After a school district in Oklahoma decided to offer a Bible course created by the owner of Hobby Lobby and then backed off that decision, a Republican in the state legislature is proposing a bill to provide useless “protection” to school districts that offer such courses.
Senate Bill 48, proposed by Sen. Kyle Loveless, R-Oklahoma City, is a very short bill, but the impact may be much larger.
The bill would allow public school districts to have “no liability as a result of providing an elective course in the study of religion or the Bible.”
Loveless said the proposed bill comes after the Mustang Public School District, in suburban Oklahoma City, agreed to begin teaching an elective course with curricula provided by the Green family of Mardel and Hobby Lobby fame that would teach history from a Biblical perspective.
The school district approved teaching the curriculum in April 2014. However, after several legal challenges by the Freedom from Religion Foundation, Americans United for Separation of Church and State and the American Civil Liberties Union, Mustang Public Schools decided in November 2014 not to hold the classes.
“In summary, the topic of a Bible course in the Mustang School District is no longer a discussion item nor is there a plan to provide such a course in the foreseeable future,” Mustang Superintendent Sean McDaniel wrote in an email.
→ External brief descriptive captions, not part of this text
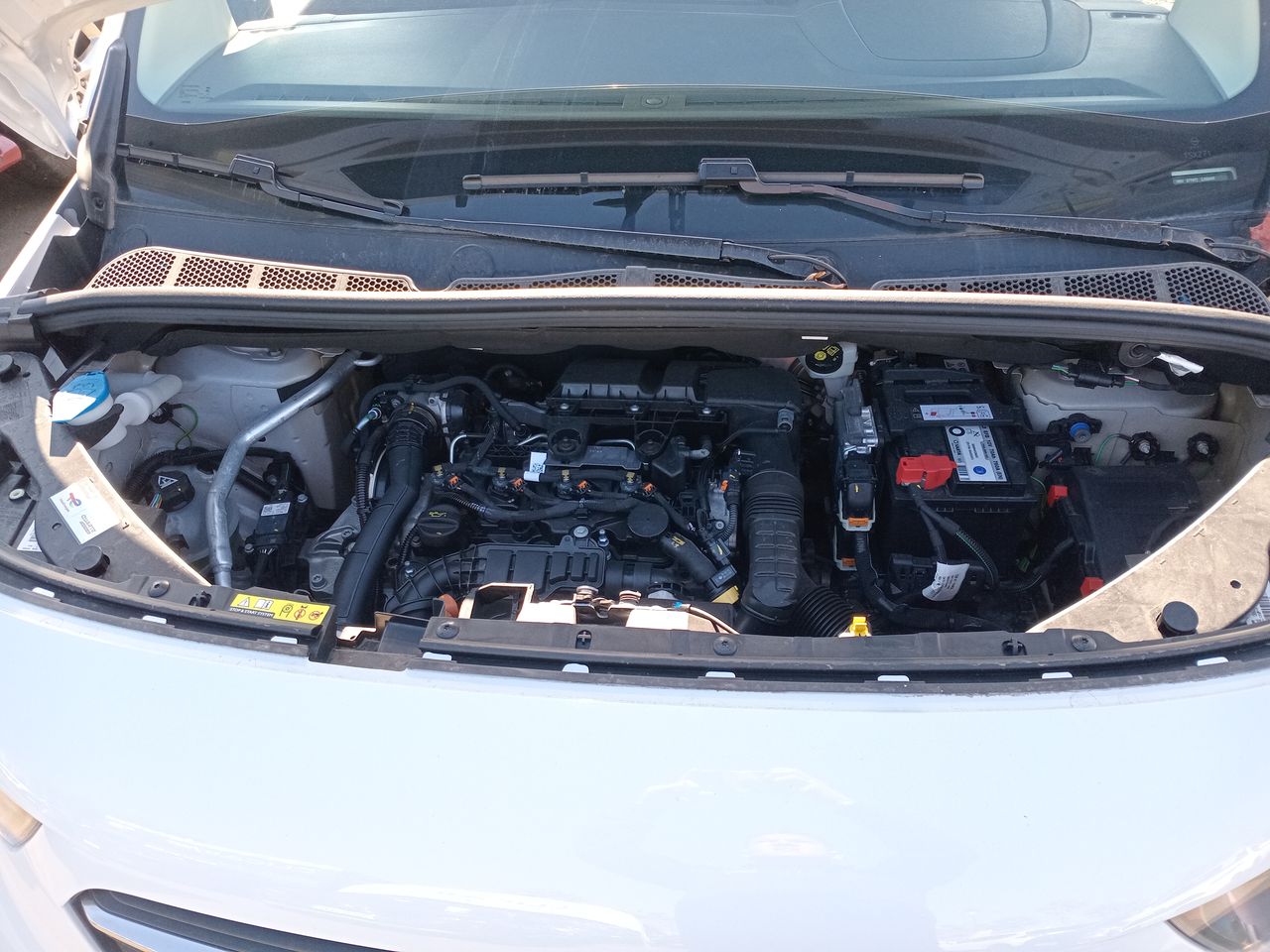 OPEL - 16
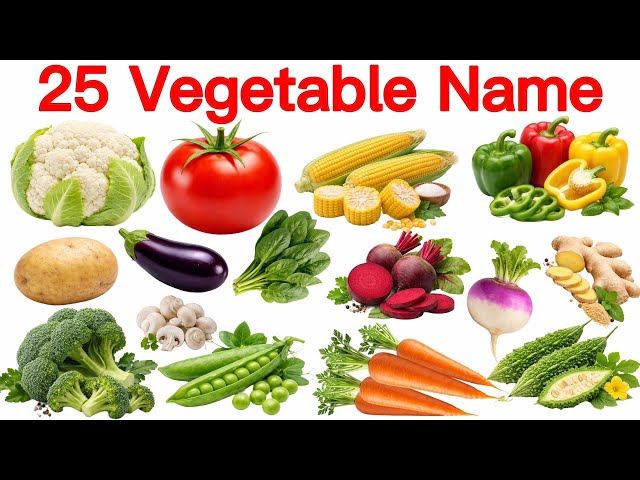 Learn the names of 25 vegetables | 25 Vegetables Name English and Hindi | Vegetable Name | Vegeta...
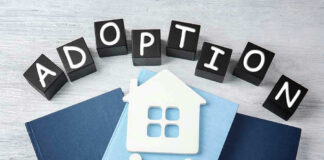 Adoption blocks, books, house, and family paper cutouts.
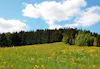 Med sikte på framtiden Grönskande äng med skog i bakgrunden.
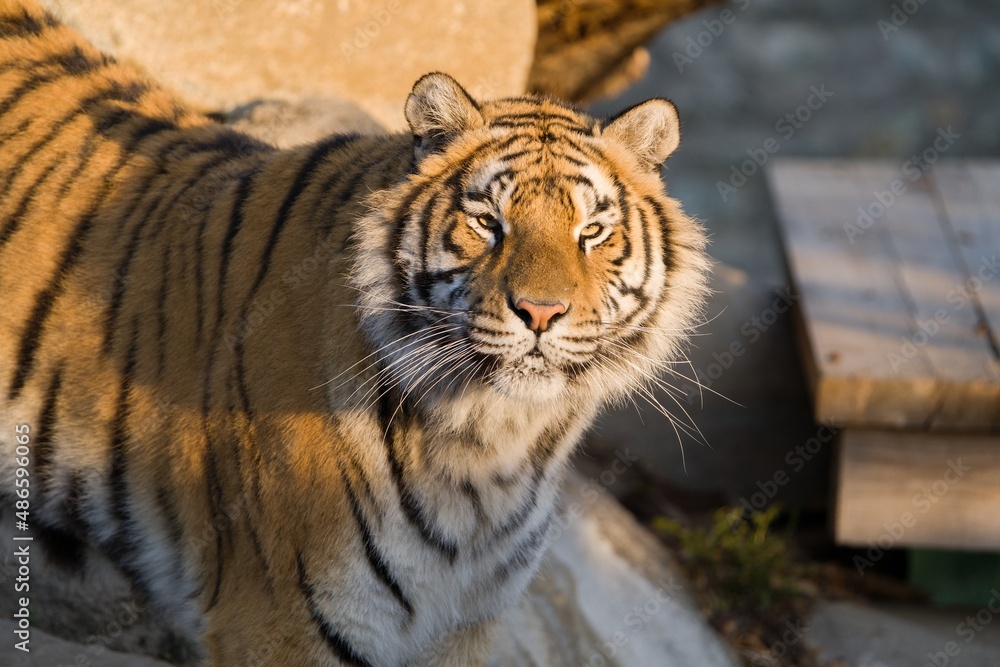 Obraz premium A male of a Bengal tiger is looking into the camera.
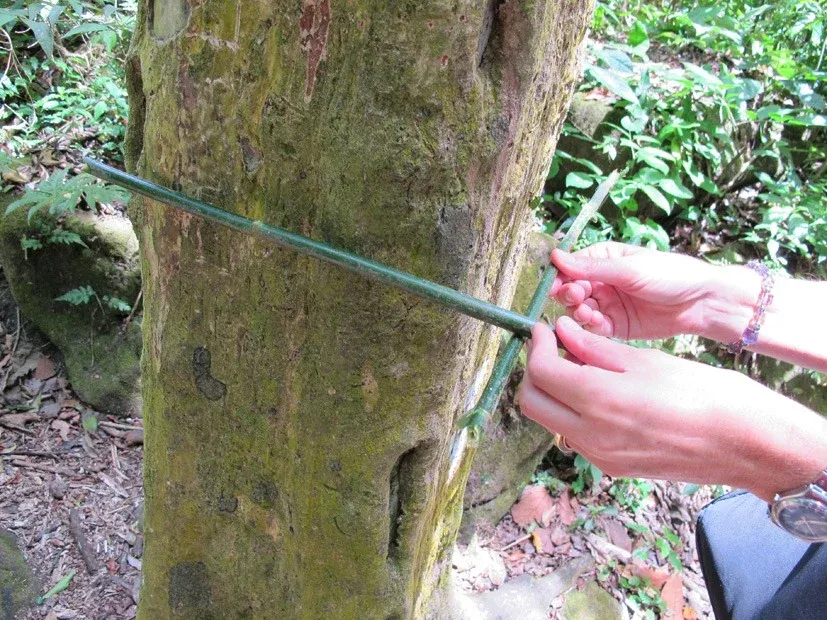 El Valle de Anton - la vallée des arbres au tronc carré El Valle de Anton la vallee des arbres au tronc carre panama 3 El-Valle-de-Anton-la-vallee-des-arbres-au-tronc-carre-panama-3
Loveless told the Examiner-Enterprise on Tuesday that because of the legal concerns by the district, his constituents approached him asking to write a bill that would indemnify a school district from teaching such an elective course.“The district projected that there were going to be between 20-30 students interested in the elective. In actuality, 180 students signed up,” he said. “They were extremely disappointed in having the class cancelled.”
According to Loveless, he believes in the separation of church and state, but that does not mean that there is any harm in school districts offering an optional class that explores the historical aspects of the Bible.
“I don’t see anything wrong (a provision) that gives local school districts the ability to study the historical aspects of the Bible. That’s my reasoning for the bill. It is not a forced class and this would not be a ‘Sunday School’ type course. We are not endorsing one religion over the other,” he said.
However, Loveless would not give a clear answer when asked if he would support the bill if the wording changed from “or the Bible” to “or the Quran.”
“Oklahoma is a predominantly Christian state. There has been no movement to teach the Quran as an elective. I would be open to debate on the issue,” he said.
Now that’s just funny. The overwhelming majority of church/state cases are filed in federal court, not state court, and states have no authority to limit the jurisdiction of federal courts. In other words, this bill would do nothing at all — except pander to the rubes, which I suspect is the goal.